[Records from a data source]

------------------------------------

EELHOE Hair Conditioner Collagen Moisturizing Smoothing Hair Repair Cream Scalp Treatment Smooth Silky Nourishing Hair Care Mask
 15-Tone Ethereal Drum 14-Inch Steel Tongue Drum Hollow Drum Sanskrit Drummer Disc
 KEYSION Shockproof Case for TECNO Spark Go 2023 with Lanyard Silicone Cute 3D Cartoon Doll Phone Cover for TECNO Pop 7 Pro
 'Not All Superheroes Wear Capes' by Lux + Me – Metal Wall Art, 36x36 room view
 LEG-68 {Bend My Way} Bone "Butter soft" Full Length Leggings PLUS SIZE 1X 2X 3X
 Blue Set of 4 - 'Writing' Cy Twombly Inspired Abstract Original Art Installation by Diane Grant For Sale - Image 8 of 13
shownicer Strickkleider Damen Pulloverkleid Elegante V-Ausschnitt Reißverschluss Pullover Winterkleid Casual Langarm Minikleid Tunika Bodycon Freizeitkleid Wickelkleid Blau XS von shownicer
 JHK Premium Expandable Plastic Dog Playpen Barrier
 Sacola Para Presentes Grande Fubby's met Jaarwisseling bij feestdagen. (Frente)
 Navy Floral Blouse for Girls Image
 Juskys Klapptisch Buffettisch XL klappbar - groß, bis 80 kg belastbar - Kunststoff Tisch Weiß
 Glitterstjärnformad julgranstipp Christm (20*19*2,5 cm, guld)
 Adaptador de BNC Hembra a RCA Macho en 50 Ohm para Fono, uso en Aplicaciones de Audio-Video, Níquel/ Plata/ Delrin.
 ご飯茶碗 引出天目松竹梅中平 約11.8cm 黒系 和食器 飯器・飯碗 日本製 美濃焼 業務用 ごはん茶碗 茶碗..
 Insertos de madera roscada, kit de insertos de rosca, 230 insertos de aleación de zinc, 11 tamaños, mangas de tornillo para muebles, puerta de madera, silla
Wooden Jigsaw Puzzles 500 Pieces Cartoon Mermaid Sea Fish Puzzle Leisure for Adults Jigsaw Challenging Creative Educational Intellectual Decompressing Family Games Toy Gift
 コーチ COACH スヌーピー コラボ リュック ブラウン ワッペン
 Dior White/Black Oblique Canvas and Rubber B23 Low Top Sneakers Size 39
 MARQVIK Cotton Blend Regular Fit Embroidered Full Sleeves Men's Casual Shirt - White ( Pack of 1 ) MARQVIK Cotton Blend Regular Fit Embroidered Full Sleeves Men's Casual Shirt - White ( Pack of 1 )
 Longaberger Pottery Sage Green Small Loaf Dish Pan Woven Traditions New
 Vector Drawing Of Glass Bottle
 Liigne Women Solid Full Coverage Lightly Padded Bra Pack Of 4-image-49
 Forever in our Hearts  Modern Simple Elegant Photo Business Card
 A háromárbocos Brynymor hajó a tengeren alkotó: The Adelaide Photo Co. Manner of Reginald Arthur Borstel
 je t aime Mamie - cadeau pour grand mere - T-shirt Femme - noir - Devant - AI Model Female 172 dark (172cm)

------------------------------------

What is expected:
Tally the lines in the records above that contain the word "Pack". Write the number and nothing else.

Result for this exercise:
2